PROBLEM STATEMENT =
Go through the records below and copy out every line holding "Texas".

────

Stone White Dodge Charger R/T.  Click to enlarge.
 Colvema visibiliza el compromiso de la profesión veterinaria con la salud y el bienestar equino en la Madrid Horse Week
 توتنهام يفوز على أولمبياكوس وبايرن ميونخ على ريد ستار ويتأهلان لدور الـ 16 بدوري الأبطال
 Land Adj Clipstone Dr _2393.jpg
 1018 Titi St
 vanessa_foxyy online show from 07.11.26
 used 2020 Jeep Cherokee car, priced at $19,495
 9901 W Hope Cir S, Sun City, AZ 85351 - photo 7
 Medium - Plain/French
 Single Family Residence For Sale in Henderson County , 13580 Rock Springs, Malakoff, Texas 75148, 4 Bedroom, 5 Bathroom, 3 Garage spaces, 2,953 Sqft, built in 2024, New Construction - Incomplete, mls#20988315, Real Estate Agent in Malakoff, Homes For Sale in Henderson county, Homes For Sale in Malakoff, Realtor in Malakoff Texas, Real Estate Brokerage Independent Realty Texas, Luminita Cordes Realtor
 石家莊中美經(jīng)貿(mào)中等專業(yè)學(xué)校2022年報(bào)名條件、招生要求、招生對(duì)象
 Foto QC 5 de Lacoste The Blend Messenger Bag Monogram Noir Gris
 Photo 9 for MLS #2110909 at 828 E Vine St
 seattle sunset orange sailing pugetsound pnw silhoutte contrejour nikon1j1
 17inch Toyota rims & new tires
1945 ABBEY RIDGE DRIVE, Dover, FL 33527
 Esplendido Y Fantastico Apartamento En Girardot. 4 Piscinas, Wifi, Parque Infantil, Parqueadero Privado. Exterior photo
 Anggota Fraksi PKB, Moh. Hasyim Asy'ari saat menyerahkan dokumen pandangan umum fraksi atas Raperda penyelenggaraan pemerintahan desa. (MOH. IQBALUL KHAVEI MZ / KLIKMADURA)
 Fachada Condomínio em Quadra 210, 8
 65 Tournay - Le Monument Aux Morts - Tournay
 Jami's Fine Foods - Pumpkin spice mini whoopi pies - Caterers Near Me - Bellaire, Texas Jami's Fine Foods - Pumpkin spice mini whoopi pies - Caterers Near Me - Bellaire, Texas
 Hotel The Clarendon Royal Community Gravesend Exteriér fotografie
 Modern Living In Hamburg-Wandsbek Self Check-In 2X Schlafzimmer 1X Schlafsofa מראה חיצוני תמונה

────

ANSWER AREA =
 Single Family Residence For Sale in Henderson County , 13580 Rock Springs, Malakoff, Texas 75148, 4 Bedroom, 5 Bathroom, 3 Garage spaces, 2,953 Sqft, built in 2024, New Construction - Incomplete, mls#20988315, Real Estate Agent in Malakoff, Homes For Sale in Henderson county, Homes For Sale in Malakoff, Realtor in Malakoff Texas, Real Estate Brokerage Independent Realty Texas, Luminita Cordes Realtor
 Jami's Fine Foods - Pumpkin spice mini whoopi pies - Caterers Near Me - Bellaire, Texas Jami's Fine Foods - Pumpkin spice mini whoopi pies - Caterers Near Me - Bellaire, Texas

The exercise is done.